Mark Fitz-Gerald continues his pioneering series of Shostakovich film scores in their original orchestration with this disc of the composer’s music for The Gadfly, coupled with pieces that never made it to the final cut and excerpts from the most successful of his earlier film-scores.

What’s the music like?

Unlike that on the previous discs in this Naxos series (scores to New Babylon on 8.572824/5, Alone on 8.573747 and Girlfriends on 8.572138), the music for The Gadfly was very much a mainstream project for a composer struggling to find focus in the post-Stalin era.
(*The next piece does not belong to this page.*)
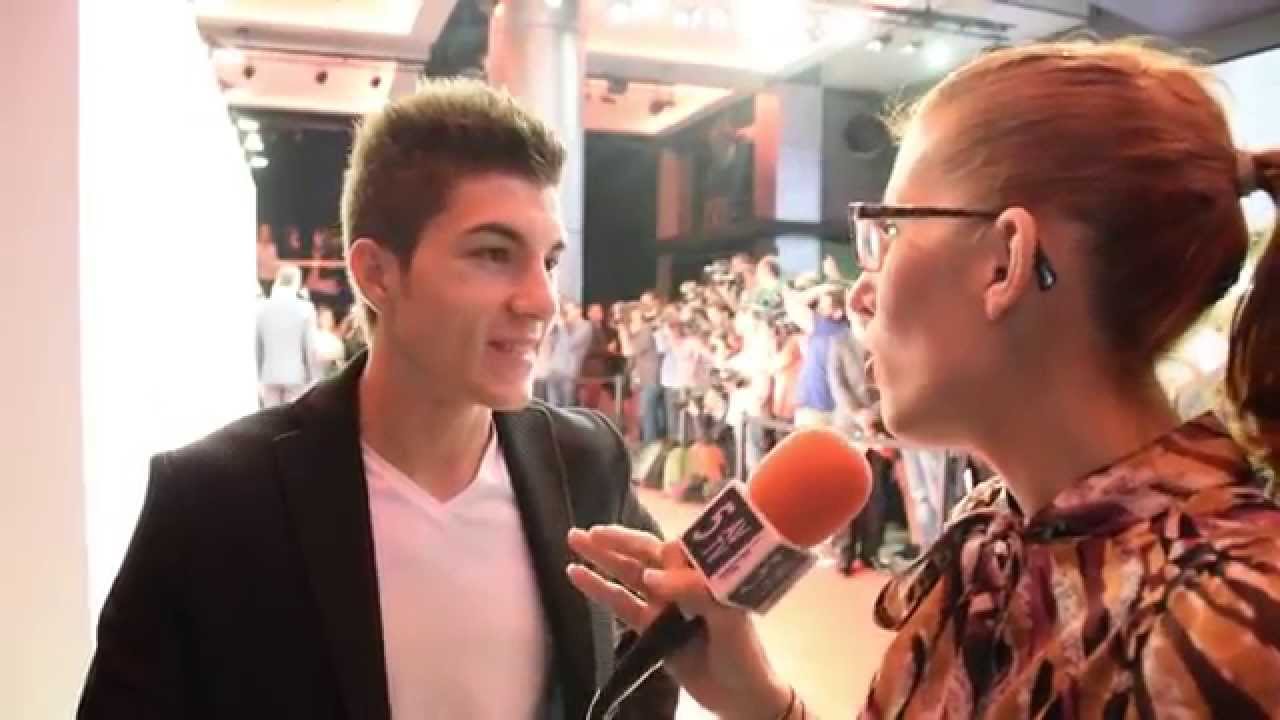 Maverick Viñales - Lara Álvarez - Marta Torné | 5ª AVENIDA TV | NOVIEMBRE 2014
Alexander Faintzimmer’s adaptation of Ethel Voynich’s novel, essentially a romantic politicization of the Risorgimento among the mid-19th century Italian states, was a success with both Soviet officialdom and the public; while the 12-movemnet suite, as adapted by Lev Atovmian, has long been the most widely heard of Shostakovich’s film-derived scores. The present ‘urtext’ version was prepared and edited by Fitz-Gerald in conjunction with DSCH publishing house in Moscow and Paris (and has been published as Volume 138 of the New Complete Edition).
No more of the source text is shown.